==== Data ====

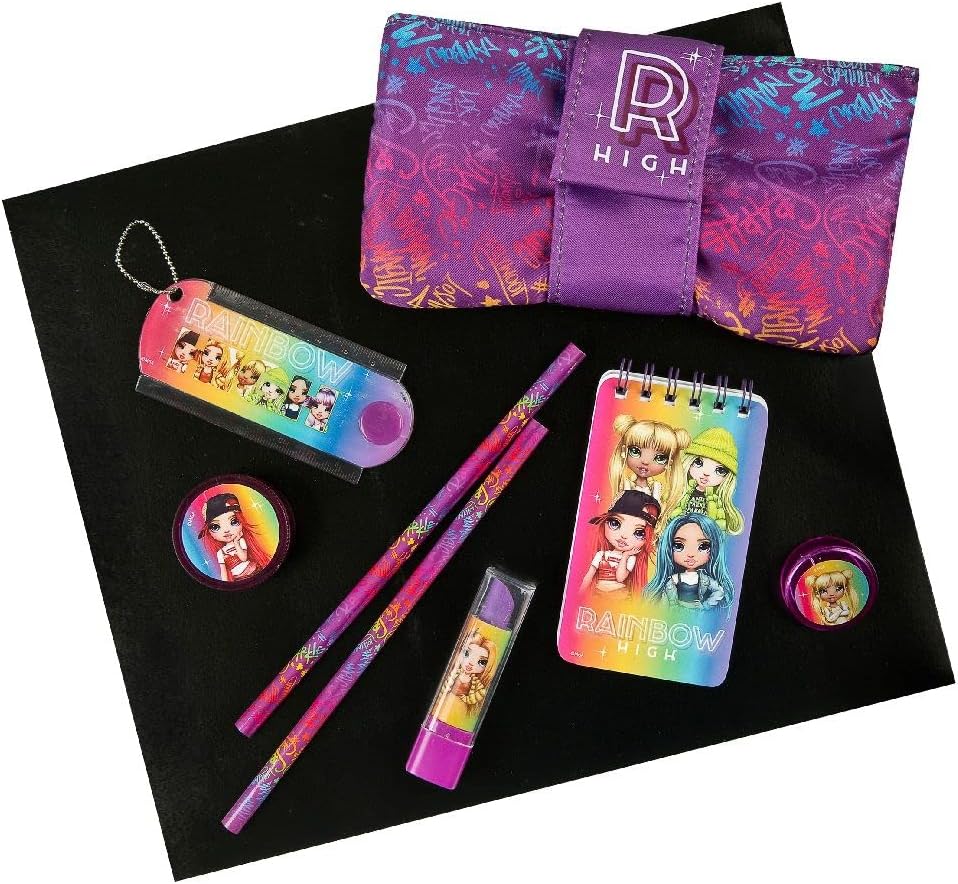 MGA Entertainment Stationery Set - Rainbow High 8 Pieces - School - Kindergarten - Primary - Gift Idea - Girls - Pencils - School Supplies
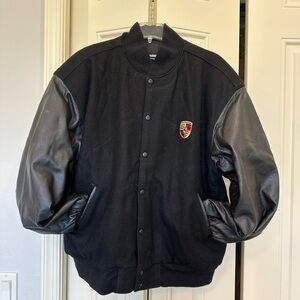 Vintage Porsche leather/wool varsity black bomber size large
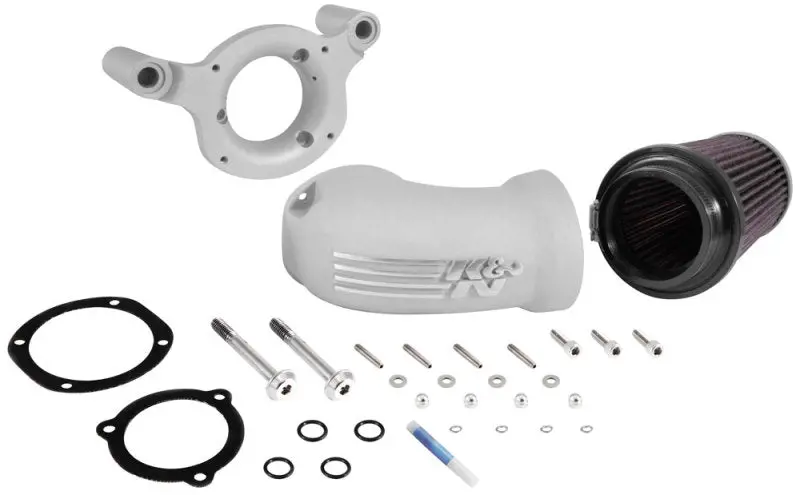 K&N 01-17 Harley Davidson Softail / Dyna Fi Performance Air Intake System Silver 2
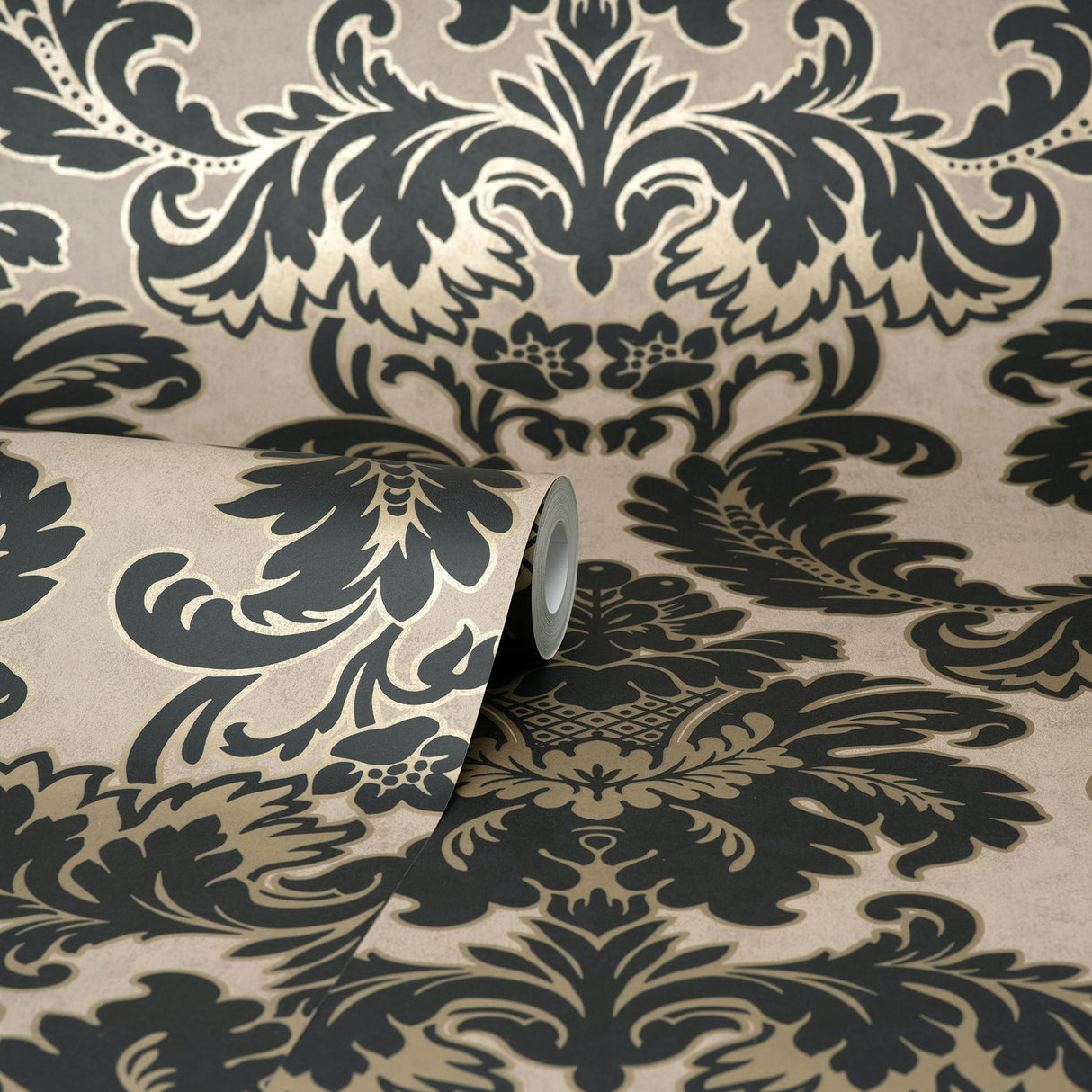 Brewster M1703 Windsor Black Damask Wallpaper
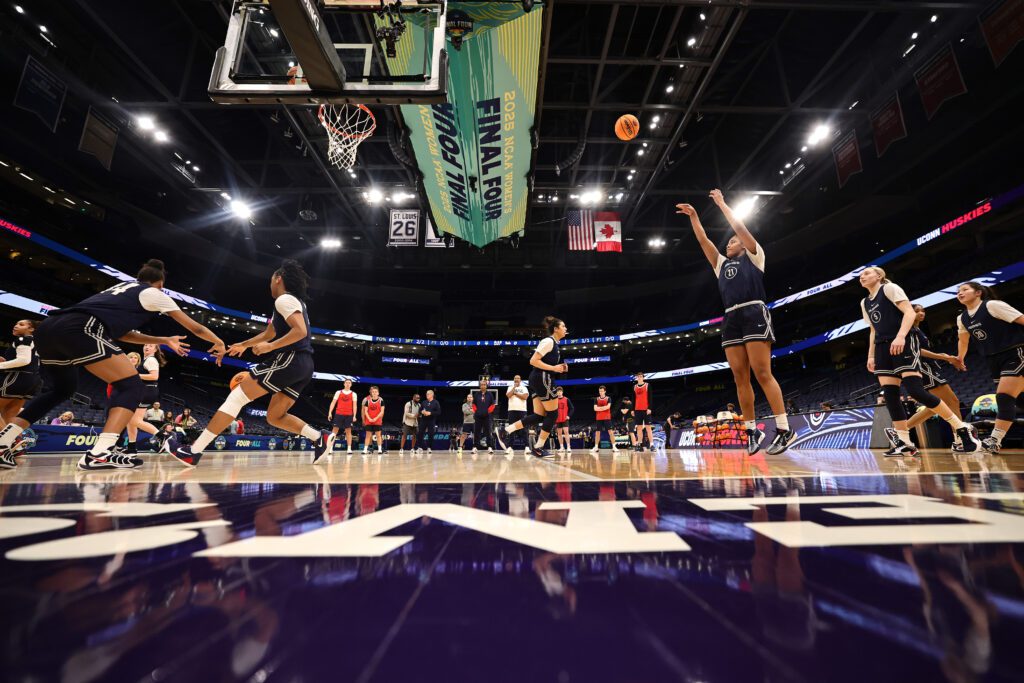 UConn warms up during an open practice ahead of the 2025 NCAA Women's Basketball Tournament Final Four.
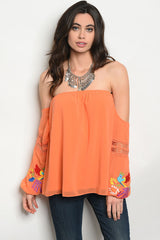 Tropical Orange Off Shoulder
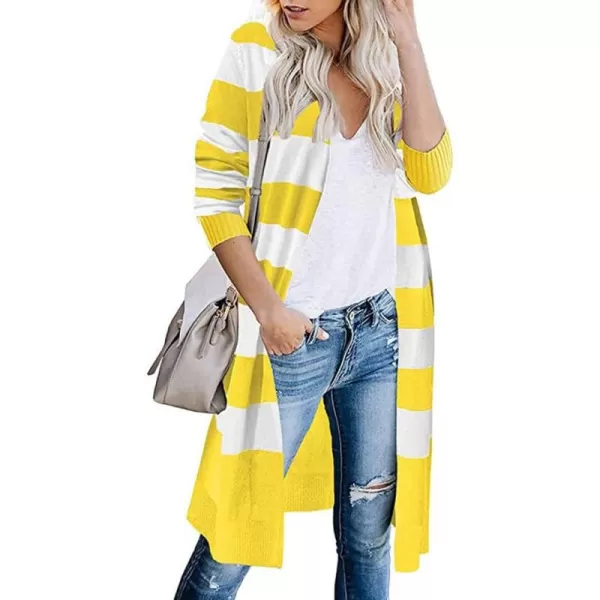 imagechouyatou Womens Fall Color Block Striped Cardigan Sweater Casual Loose Open Front Knit Long Coatigan CoatYellow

====

▶ The problem
In the answer, set down only the lines from the opening line of the listing through the line that holds "Tropical Orange Off Shoulder", exactly as they appear, minus the pictures.

▶ Answer
 MGA Entertainment Stationery Set - Rainbow High 8 Pieces - School - Kindergarten - Primary - Gift Idea - Girls - Pencils - School Supplies
 Vintage Porsche leather/wool varsity black bomber size large
 K&N 01-17 Harley Davidson Softail / Dyna Fi Performance Air Intake System Silver 2
 Brewster M1703 Windsor Black Damask Wallpaper
 UConn warms up during an open practice ahead of the 2025 NCAA Women's Basketball Tournament Final Four.
 Tropical Orange Off Shoulder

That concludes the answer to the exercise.